# Generating Subtitles 

The code in this project show steps to generate subtitles for your video file.

Note:
    1. Python libraries mostly work on wav audio formats, so I converted the video to audio (.wav extension) in the code.
    2. Google Cloud APIs work properly on locally stored files only if the audio files are < 1 minute. 
    (Otherwise you need to store the file on Cloud Bucket)
    So, while converting the audios here, I also trimmed the audio to 50 second duration.

In [1]:
import os
import json
import io
from google.cloud import speech_v1
from google.cloud.speech_v1 import enums
from google.cloud.speech_v1 import types
from pydub.utils import mediainfo
import datetime
import subprocess
import srt

In [21]:
#Path to the video you want subtitles for.

path = "C:/DummyPath/"
video =  path + "C4W1L01 Computer Vision.mp4" 
#This should be set to the path of your service account credentials JSON file.
os.environ["GOOGLE_APPLICATION_CREDENTIALS"] = 'Cloud_AIML.json'

In [3]:
print(os.environ["GOOGLE_APPLICATION_CREDENTIALS"])

Cloud_AIML.json


### Get the sample rate, bit rate and no. of channels from the video

In [4]:
def video_info(video_filepath):
    """ this function returns number of channels, bit rate, and sample rate of the video"""

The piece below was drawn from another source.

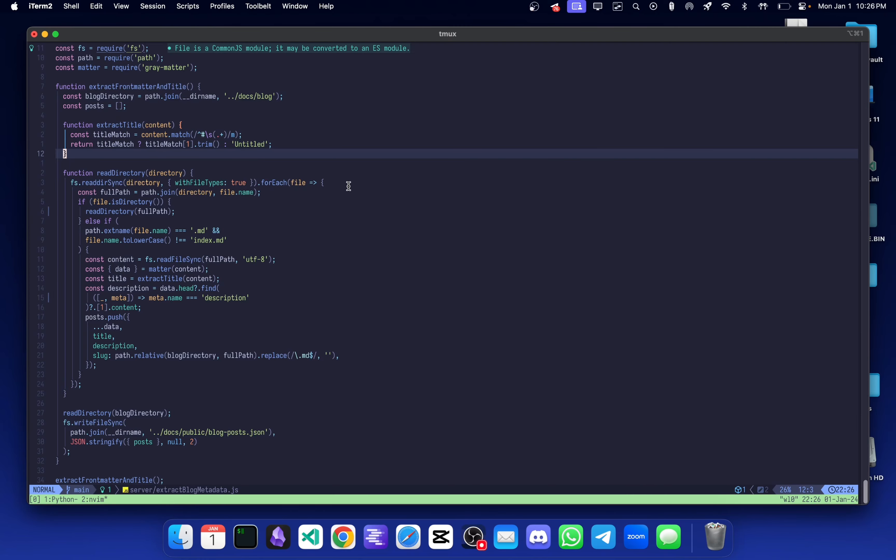For those curious, here is the script itself. All it does is that it takes a directory, in this case docs slash blog which holds all of my sections and blogs, it recursively scans that directory for .md files excluding index files.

    video_data = mediainfo(video_filepath)
    channels = video_data["channels"]
    bit_rate = video_data["bit_rate"]
    sample_rate = video_data["sample_rate"]

    return channels, bit_rate, sample_rate

In [5]:
channels, bit_rate, sample_rate = video_info(video)

In [6]:
sample_rate

'44100'

### Convert video to audio

In [7]:
[input_name, input_type] = os.path.splitext(video)
output_name = input_name.split('/')[-1]

In [16]:
audio_path = '"' + path + "audio/" + output_name + ".wav" + '"'
video_path = '"' + video + '"'
command = f"ffmpeg -i { video_path } -b:a {bit_rate} -ac {channels} -ar {sample_rate} -t 00:00:50.0 -vn { audio_path }"
subprocess.call(command, shell=True)

# Output '0' means success and '1' means failed.

0

In [22]:
#Path to where audio is stored.

audio = path + "audio/" + output_name + ".wav"

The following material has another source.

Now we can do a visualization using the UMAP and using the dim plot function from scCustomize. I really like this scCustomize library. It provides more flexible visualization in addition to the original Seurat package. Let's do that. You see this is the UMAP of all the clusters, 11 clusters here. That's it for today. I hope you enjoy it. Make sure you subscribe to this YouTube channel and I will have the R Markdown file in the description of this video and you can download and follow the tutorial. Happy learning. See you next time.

### Transcribing the audio file 

In [20]:
def long_running_recognize(local_file_path, sample_rate, channels):
   
    client = speech_v1.SpeechClient()


    encoding = enums.RecognitionConfig.AudioEncoding.LINEAR16
    config = {
        "language_code": "en-US",
        "sample_rate_hertz": int(sample_rate),
        "encoding": enums.RecognitionConfig.AudioEncoding.LINEAR16,
        "audio_channel_count": int(channels),
        "enable_word_time_offsets": True,   #provides timing information
        "model": "video",
        "enable_automatic_punctuation":True
    }
    with io.open(local_file_path, "rb") as f:
        content = f.read()
    audio = {"content": content}

    operation = client.long_running_recognize(config, audio)

    print("Waiting for operation to complete...")
    response = operation.result()
    return response

In [11]:
response=long_running_recognize(audio, sample_rate, channels)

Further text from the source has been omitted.